(Items from a data source)
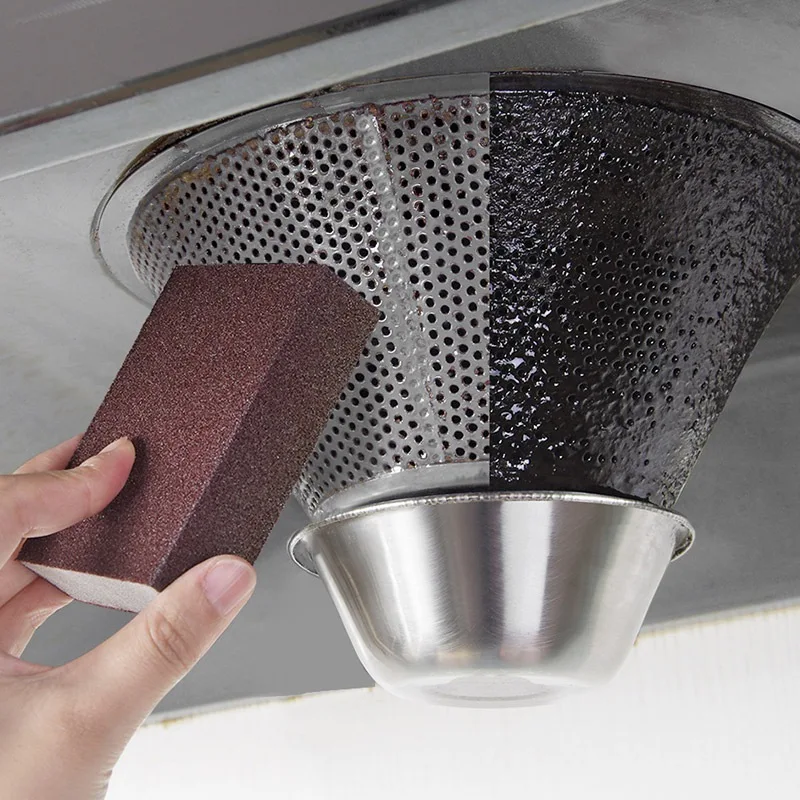 Губка для мытья посуды и очищения кухонных аксессуаров от накипи ржавчины 1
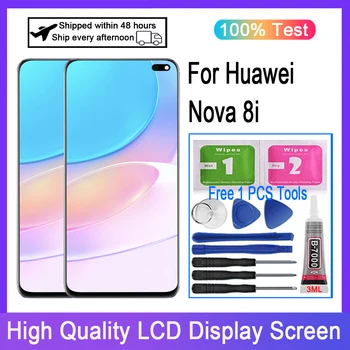 Originalni Za Huawei Nova 8i NEN-L22 NEN-LX1 NEN-LX3 LCD zaslon osjetljiv na dodir Digitalizator Zamjena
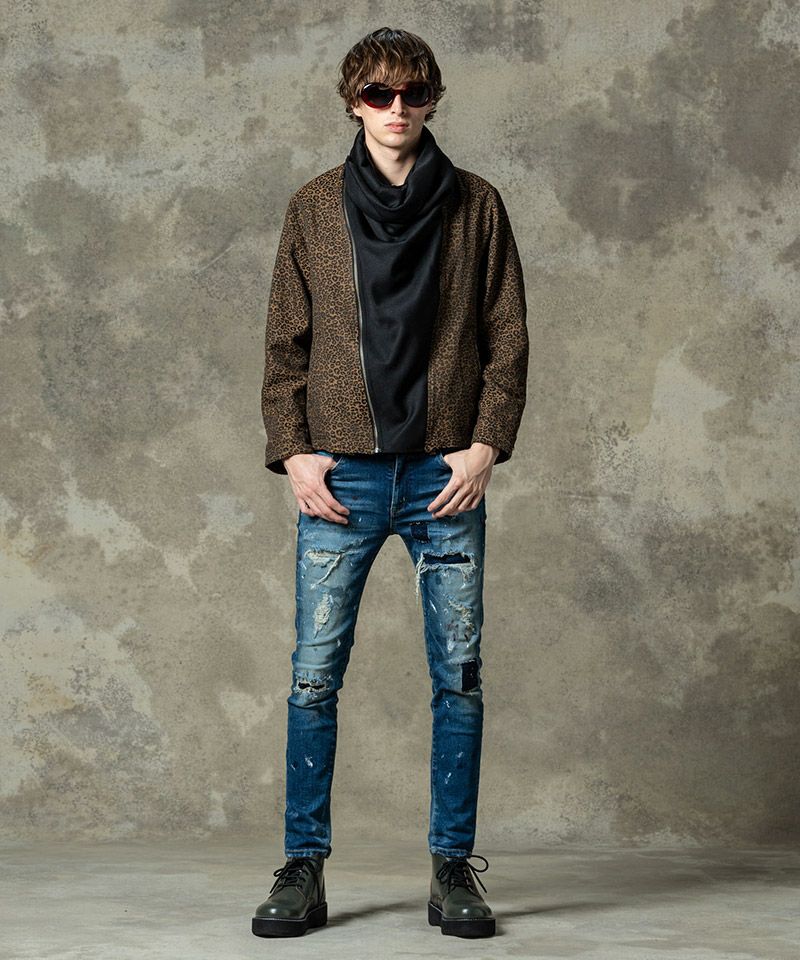 glamb(グラム)】Heavy Remake Stretch Denim ヘヴィリメイクストレッチ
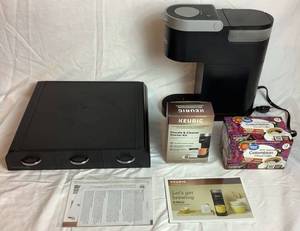 lot 30 image: Keurig K-Mini Coffee Maker with K-Cups Organizer and K-Cups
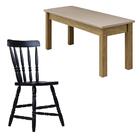 Mesa De Jantar Ditália 2bancos 2cad Ja-220+ja-225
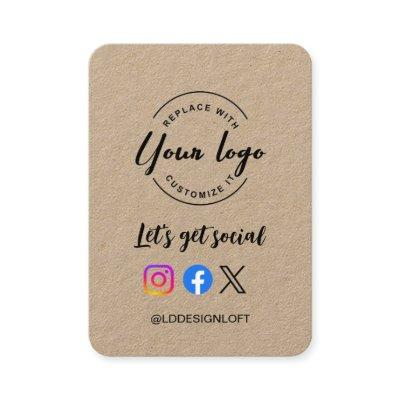 Let's Get Social Media QR code website Custom logo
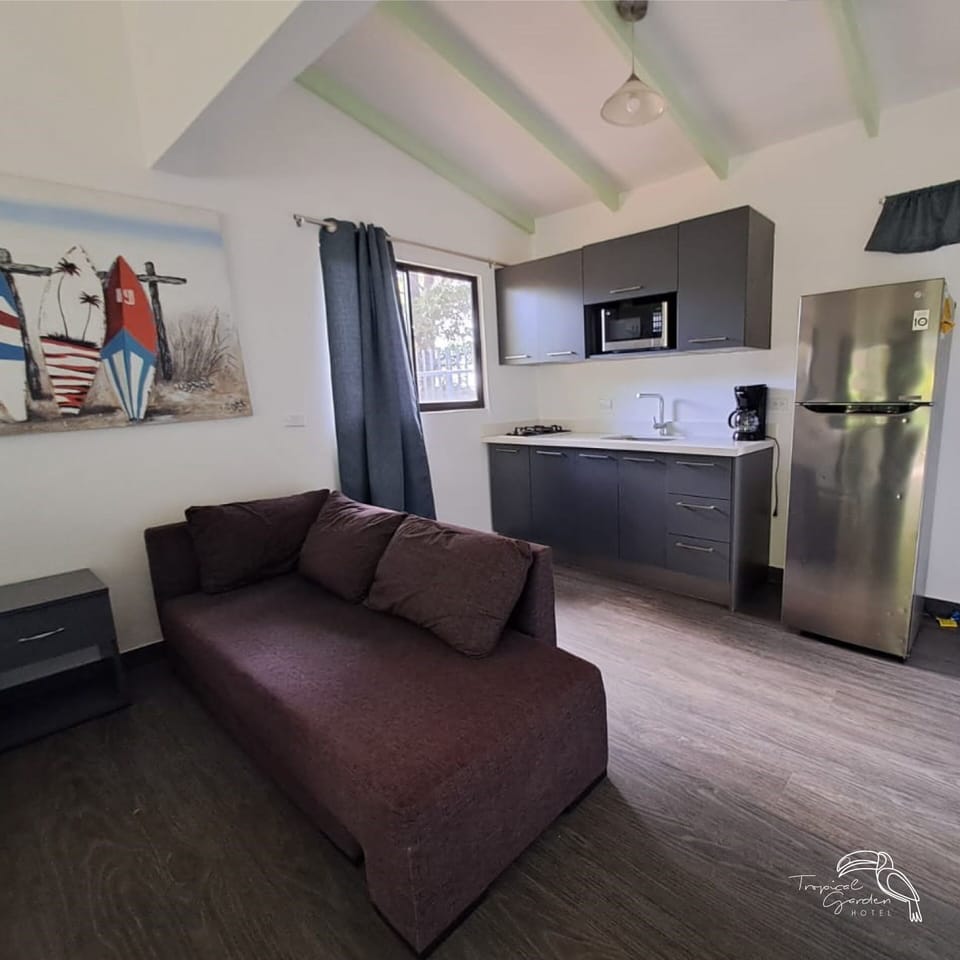 Deluxe Apartment, Accessible, Non Smoking | Private kitchen | Full-size fridge, microwave, coffee/tea maker, cookware/dishes/utensils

Assigned task: Leave out all pictures and output each line exactly, from the top of the records through the line that holds "Let's Get Social".

Response box:
 Губка для мытья посуды и очищения кухонных аксессуаров от накипи ржавчины 1
 Originalni Za Huawei Nova 8i NEN-L22 NEN-LX1 NEN-LX3 LCD zaslon osjetljiv na dodir Digitalizator Zamjena
 glamb(グラム)】Heavy Remake Stretch Denim ヘヴィリメイクストレッチ
 lot 30 image: Keurig K-Mini Coffee Maker with K-Cups Organizer and K-Cups
 Mesa De Jantar Ditália 2bancos 2cad Ja-220+ja-225
 Let's Get Social Media QR code website Custom logo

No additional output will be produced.